More details if needed:
I want to add a couple of paragraphs for those computer scientists whose intellectual alarm bells are probably and understandably ringing right now if they haven't heard of this before.
It is true that MemComputing is perhaps a bit more uncomfortable than quantum computation from a computer science perspective, because in quantum computation, the exponential complexity of NP-complete problems is explicitly moved somewhere: the exponentially increasing Hilbert space which doesn't have to be simulated by a physical quantum computer since that quantum computer just is quantum mechanical to begin with. But MemComputing is really not so different, except that, instead of moving the exponential complexity somewhere explicitly, it addresses the exponential complexity of NP-complete problems more implicitly, by recognizing that NP-complete/NP-hard problems are so difficult precisely because they are often very interconnected. So a physical computer which is similarly interconnected may have an edge. There is, in fact, a deeper reason why MemComputers are so efficient: topology. We use the language of topological field theory to analyze the MemComputing dynamics and find that what drives DMMs towards a solution are instanton states, topological objects that aid the DMM in leveraging "global" information over "local" information in the physical phase space. This also makes DMMs incredibly noise-robust. This topological robustness is, in fact, why some people hope to develop topological quantum computers, since quantum computers are incredibly noise sensitive, hence the difficulty in realizing them.
Another issue is that if MemComputers are classical instead of quantum, then we can simulate these classical systems efficiently on an ordinary computer and let those simulated DMMs solve NP-complete problems for us. Since this constitutes and algorithm on a Turing machine, it would immediately follow that $P=NP$. Yay!

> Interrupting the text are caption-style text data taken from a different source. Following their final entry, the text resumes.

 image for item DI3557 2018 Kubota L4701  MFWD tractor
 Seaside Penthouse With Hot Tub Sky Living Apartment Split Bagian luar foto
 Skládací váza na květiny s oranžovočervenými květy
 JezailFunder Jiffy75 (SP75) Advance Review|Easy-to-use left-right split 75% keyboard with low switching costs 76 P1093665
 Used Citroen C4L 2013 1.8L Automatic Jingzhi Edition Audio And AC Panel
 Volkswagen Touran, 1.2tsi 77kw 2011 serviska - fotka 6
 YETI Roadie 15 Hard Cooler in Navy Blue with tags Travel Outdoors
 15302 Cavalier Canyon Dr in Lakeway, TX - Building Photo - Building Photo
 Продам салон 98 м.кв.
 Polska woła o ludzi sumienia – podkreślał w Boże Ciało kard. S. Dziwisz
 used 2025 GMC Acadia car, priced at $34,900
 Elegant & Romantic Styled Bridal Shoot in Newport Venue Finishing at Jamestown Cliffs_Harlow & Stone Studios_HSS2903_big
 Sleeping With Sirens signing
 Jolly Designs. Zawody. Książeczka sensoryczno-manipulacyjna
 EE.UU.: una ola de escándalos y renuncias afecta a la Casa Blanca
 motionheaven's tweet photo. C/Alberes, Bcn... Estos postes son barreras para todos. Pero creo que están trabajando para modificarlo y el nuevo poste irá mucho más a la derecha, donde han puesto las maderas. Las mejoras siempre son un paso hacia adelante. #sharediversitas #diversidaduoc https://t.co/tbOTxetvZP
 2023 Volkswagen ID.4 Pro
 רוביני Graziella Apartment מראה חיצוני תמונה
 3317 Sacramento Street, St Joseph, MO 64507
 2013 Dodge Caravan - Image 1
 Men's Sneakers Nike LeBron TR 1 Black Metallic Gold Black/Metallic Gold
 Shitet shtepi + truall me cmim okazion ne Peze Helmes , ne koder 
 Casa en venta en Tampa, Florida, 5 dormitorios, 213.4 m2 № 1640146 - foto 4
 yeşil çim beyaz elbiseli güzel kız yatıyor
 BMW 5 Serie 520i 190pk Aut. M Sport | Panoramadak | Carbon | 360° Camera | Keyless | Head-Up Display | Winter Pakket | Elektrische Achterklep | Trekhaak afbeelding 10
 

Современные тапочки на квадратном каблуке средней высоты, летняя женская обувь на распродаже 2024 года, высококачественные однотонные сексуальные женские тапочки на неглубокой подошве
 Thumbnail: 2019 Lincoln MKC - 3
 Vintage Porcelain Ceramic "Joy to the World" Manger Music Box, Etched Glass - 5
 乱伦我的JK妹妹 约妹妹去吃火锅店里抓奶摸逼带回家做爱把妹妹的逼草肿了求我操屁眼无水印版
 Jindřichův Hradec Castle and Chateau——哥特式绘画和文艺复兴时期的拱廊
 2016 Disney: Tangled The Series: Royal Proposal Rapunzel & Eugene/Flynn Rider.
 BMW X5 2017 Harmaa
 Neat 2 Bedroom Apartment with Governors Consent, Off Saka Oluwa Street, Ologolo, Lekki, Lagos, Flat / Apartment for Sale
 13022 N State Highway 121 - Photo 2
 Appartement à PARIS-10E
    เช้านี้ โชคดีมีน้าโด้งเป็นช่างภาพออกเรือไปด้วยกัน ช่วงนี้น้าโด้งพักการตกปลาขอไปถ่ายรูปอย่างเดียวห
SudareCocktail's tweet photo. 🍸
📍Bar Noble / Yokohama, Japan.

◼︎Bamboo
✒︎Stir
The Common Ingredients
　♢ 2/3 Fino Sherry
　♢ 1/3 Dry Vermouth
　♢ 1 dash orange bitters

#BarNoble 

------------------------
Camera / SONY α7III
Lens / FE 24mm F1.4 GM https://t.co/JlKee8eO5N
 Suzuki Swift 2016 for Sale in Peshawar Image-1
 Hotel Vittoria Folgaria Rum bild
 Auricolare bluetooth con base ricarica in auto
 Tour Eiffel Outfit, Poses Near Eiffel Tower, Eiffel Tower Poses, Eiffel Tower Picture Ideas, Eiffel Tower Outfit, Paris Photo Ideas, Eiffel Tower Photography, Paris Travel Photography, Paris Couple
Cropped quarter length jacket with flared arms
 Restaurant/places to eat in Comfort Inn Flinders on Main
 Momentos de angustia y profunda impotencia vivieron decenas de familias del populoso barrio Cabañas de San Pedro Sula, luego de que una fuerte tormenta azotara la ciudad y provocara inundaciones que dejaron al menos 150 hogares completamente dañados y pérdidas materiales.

But alas, no. The dynamics of a DMM are governed by non-linear differential equations. These admit chaos and quasi periodic orbits in the physical phase space, which can be a big problem. Luckily, physical DMMs don't admit chaos or quasi-periodic orbits unless a massive amount of noise is dumped on the DMM, which would cause the state of the DMM to become chaotic and preventing it from ever finding a solution more effectively than a random walk. It has been shown that the noise necessary to do this to a physical DMM is equivalent to a temperature which would fry the electronics used to implement the self-organizing logic gates, so that's great. But physical noise enters the dynamics linearly, numerical noise from simulating the DMM very much does not.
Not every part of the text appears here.